**Given records**:
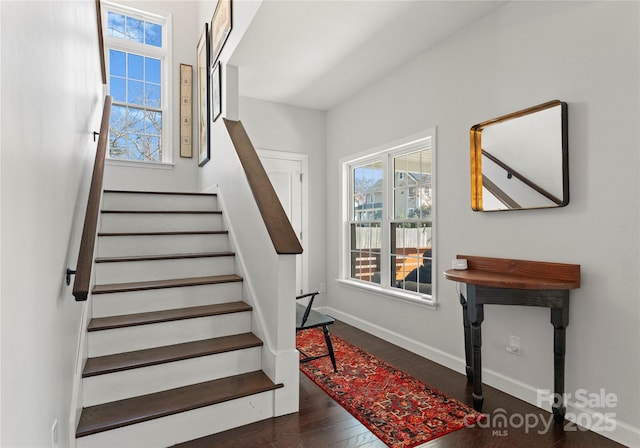 stairs featuring hardwood / wood-style floors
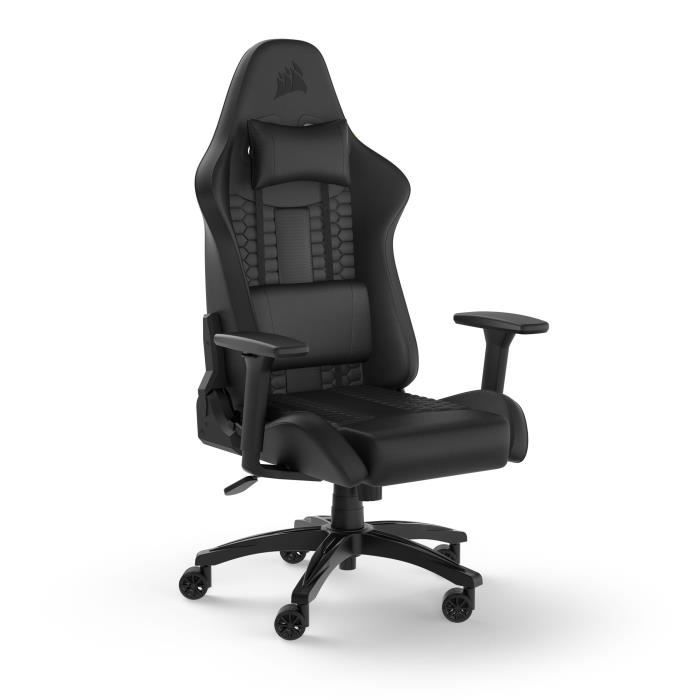 CORSAIR - Office chair - Gaming armchair - TC100 RELAXED - Faux leather - Ergonomic - Adjustable armrests - Black - (CF-9010050-WW)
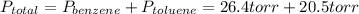 P_(total) = P_(benzene) + P_(toluene) &nbsp;= 26.4 torr + 20.5 torr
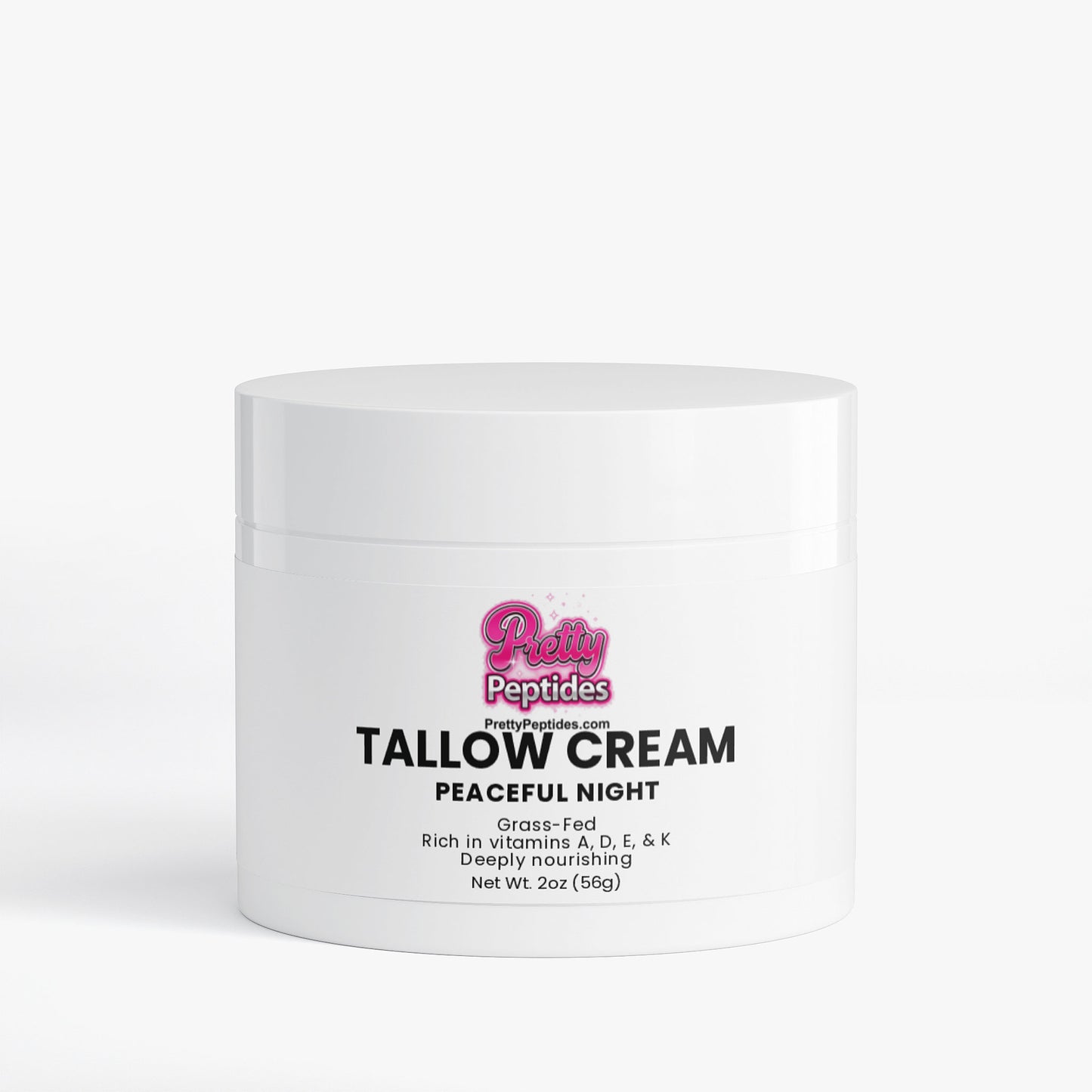 Front view of Tallow Cream Peaceful Night showing elegant skincare packaging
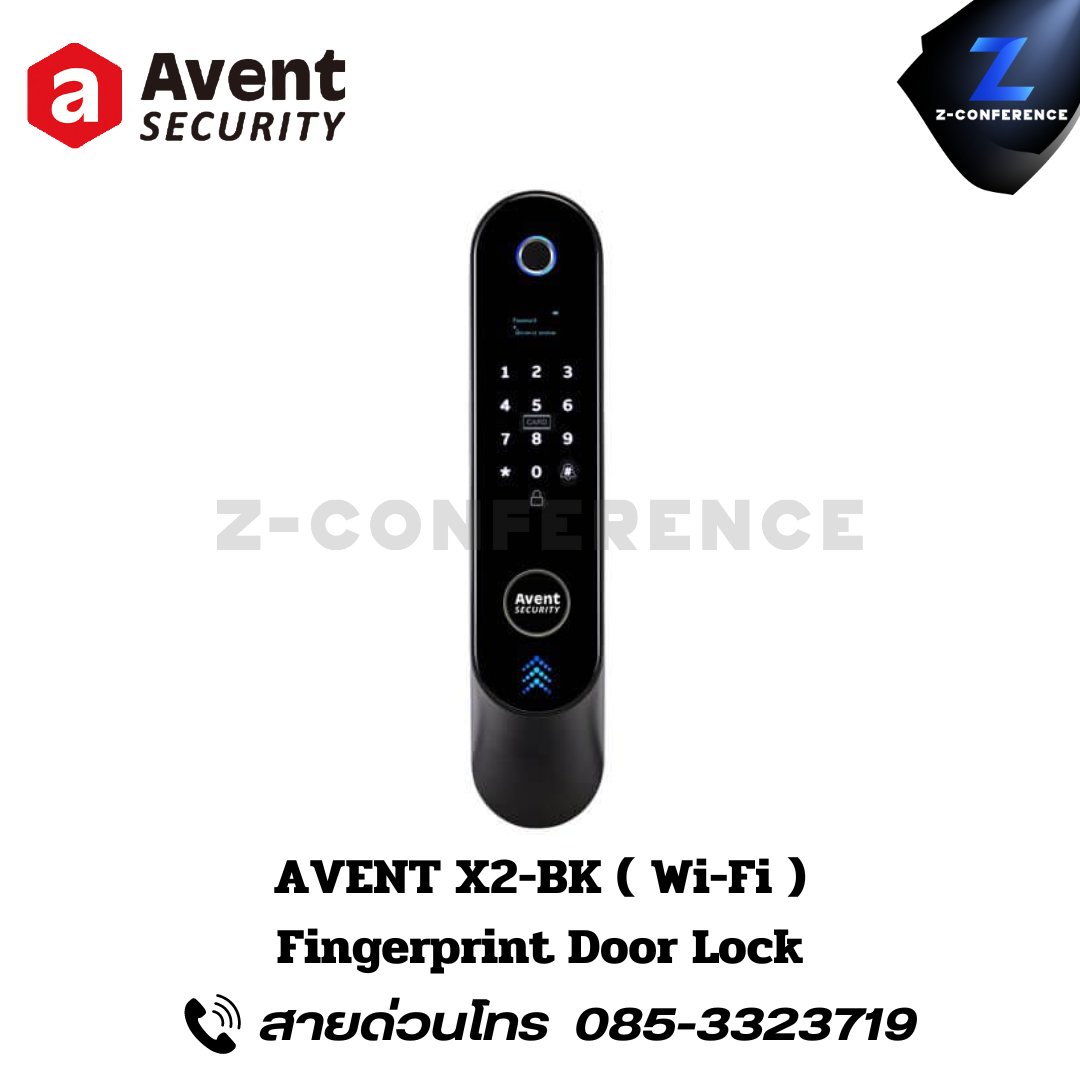 AVENT X2-BK (WI-FI) Fingerprint Door Lock digital door lock , ประตูสแกนนิ้ว , ดิจิตอลล็อค , สแกนนิ้ว , สแกนหน้า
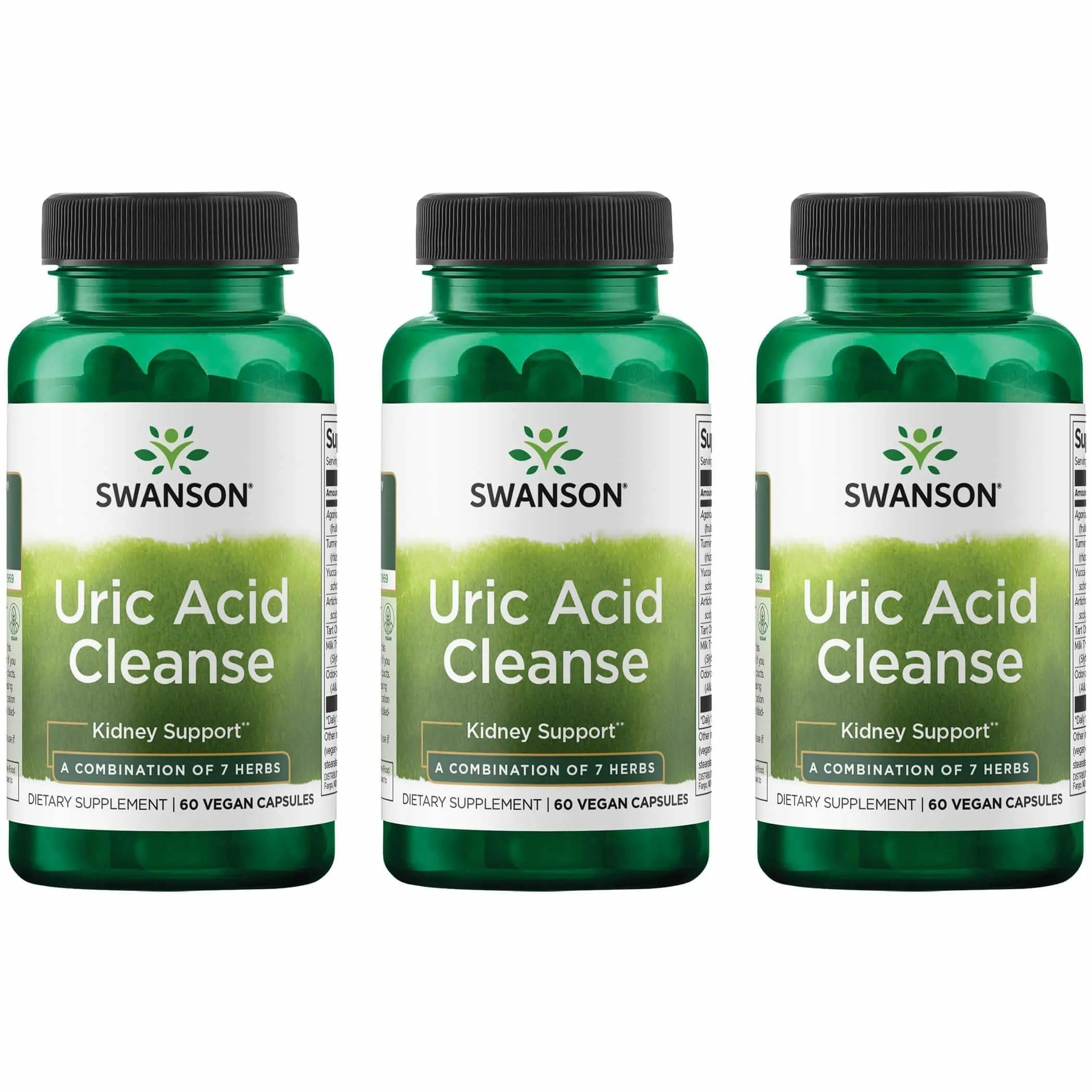 Swanson Uric Acid Cleanse bottle front highlighting herbal blend for kidney support.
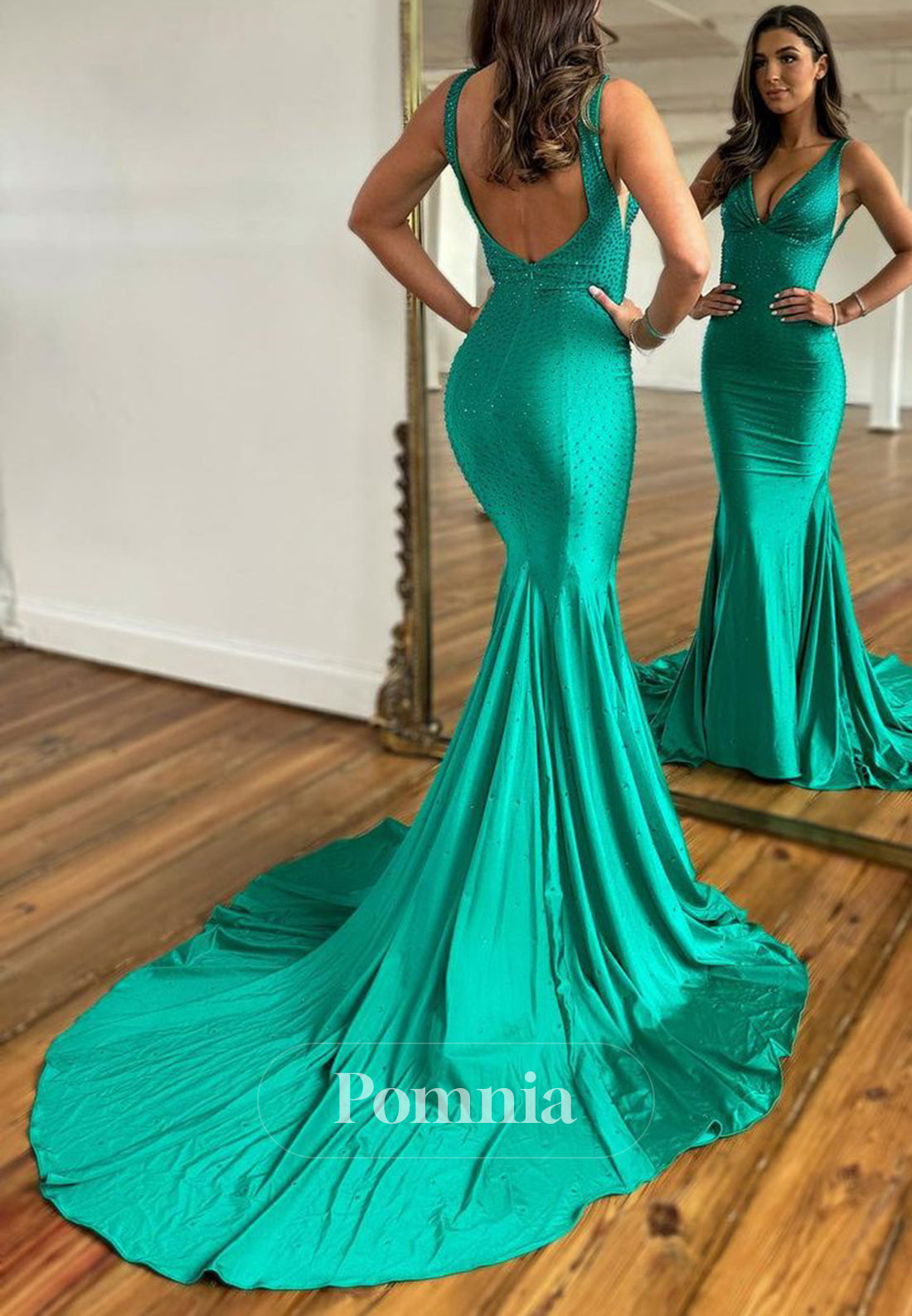 P2097 - Mermaid V-Neck Pleated Rhinestone Long Prom Party Formal Dress with Train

**Task instructions**: Would you give again, exactly as written, the lines from the one containing "P_(total) = P_(benzene)" through the end of the records, with no pictures and no other lines?

**Answer to this task**:
 P_(total) = P_(benzene) + P_(toluene) &nbsp;= 26.4 torr + 20.5 torr
 Front view of Tallow Cream Peaceful Night showing elegant skincare packaging
 AVENT X2-BK (WI-FI) Fingerprint Door Lock digital door lock , ประตูสแกนนิ้ว , ดิจิตอลล็อค , สแกนนิ้ว , สแกนหน้า
 Swanson Uric Acid Cleanse bottle front highlighting herbal blend for kidney support.
 P2097 - Mermaid V-Neck Pleated Rhinestone Long Prom Party Formal Dress with Train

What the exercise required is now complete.